For the listing below, output exactly the lines from the line with "Slide: The Image" up to and including the line with "heimish RX Multi", and no other lines.

━━━ Available data ━━━

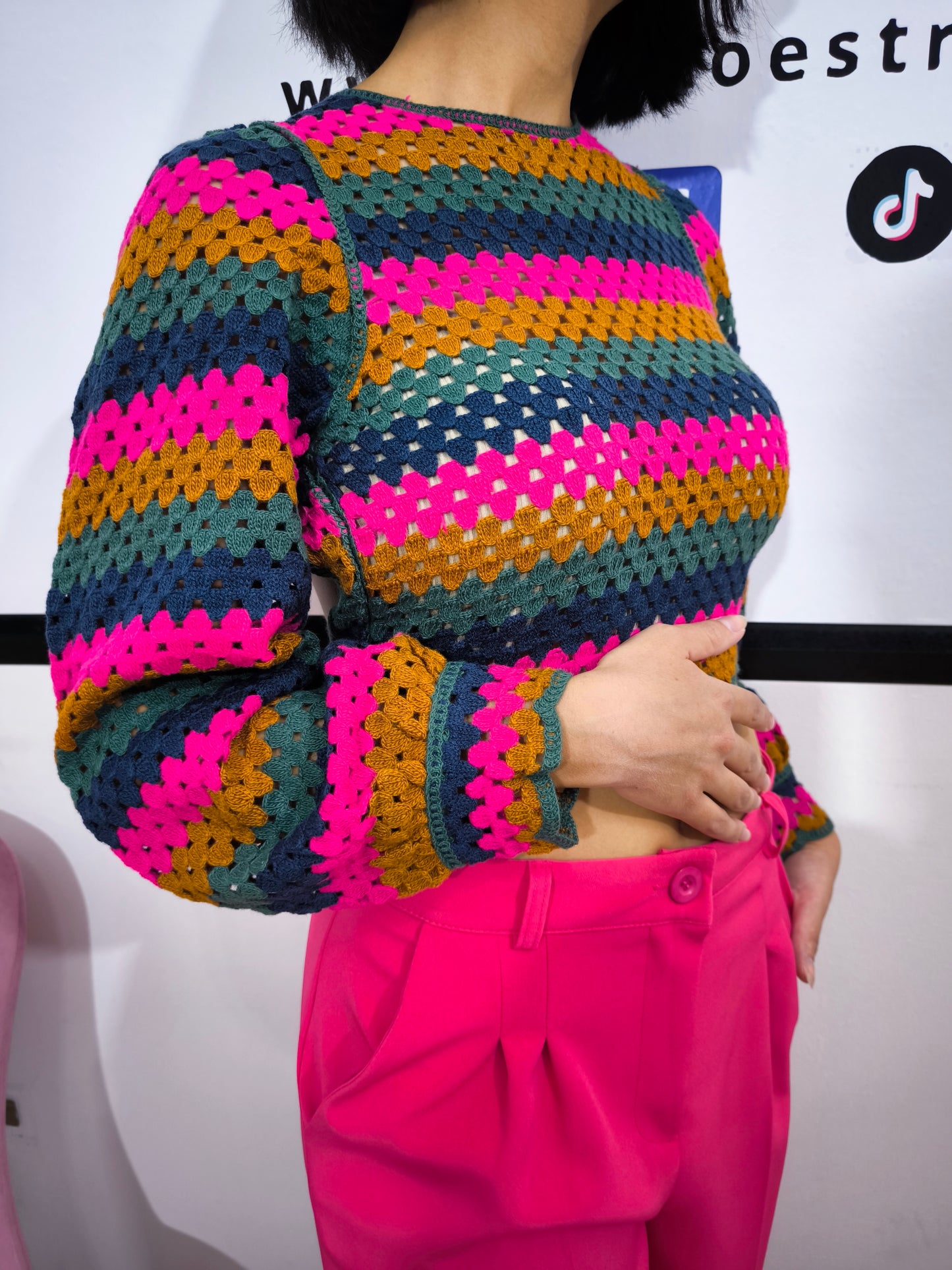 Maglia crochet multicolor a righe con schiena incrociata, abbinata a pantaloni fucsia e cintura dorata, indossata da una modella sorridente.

━━━
━━━ Available data ━━━

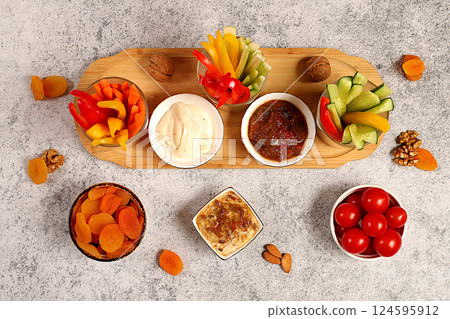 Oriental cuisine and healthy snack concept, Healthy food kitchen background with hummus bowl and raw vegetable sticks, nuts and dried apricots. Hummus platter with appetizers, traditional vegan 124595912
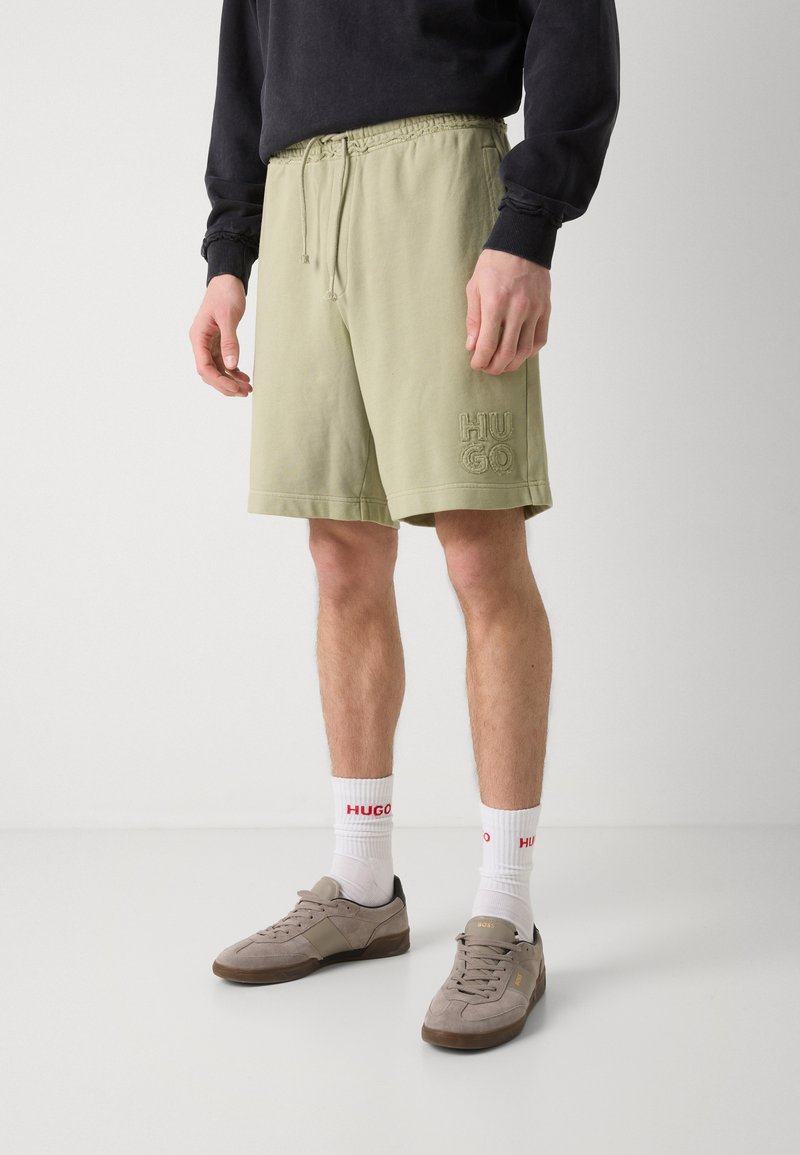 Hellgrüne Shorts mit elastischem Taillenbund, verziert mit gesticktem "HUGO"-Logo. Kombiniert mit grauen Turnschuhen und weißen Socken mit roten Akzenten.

━━━
━━━ Available data ━━━

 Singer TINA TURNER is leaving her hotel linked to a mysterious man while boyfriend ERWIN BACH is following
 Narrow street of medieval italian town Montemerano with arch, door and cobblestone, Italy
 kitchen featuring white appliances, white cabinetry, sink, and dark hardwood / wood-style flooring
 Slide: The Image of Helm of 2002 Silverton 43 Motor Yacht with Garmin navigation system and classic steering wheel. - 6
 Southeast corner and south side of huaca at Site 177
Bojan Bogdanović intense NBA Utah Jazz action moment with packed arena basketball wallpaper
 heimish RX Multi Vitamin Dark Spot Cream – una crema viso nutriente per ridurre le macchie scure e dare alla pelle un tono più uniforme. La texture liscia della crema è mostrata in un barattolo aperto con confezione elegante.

━━━

> [Response area]
 Slide: The Image of Helm of 2002 Silverton 43 Motor Yacht with Garmin navigation system and classic steering wheel. - 6
 Southeast corner and south side of huaca at Site 177
Bojan Bogdanović intense NBA Utah Jazz action moment with packed arena basketball wallpaper
 heimish RX Multi Vitamin Dark Spot Cream – una crema viso nutriente per ridurre le macchie scure e dare alla pelle un tono più uniforme. La texture liscia della crema è mostrata in un barattolo aperto con confezione elegante.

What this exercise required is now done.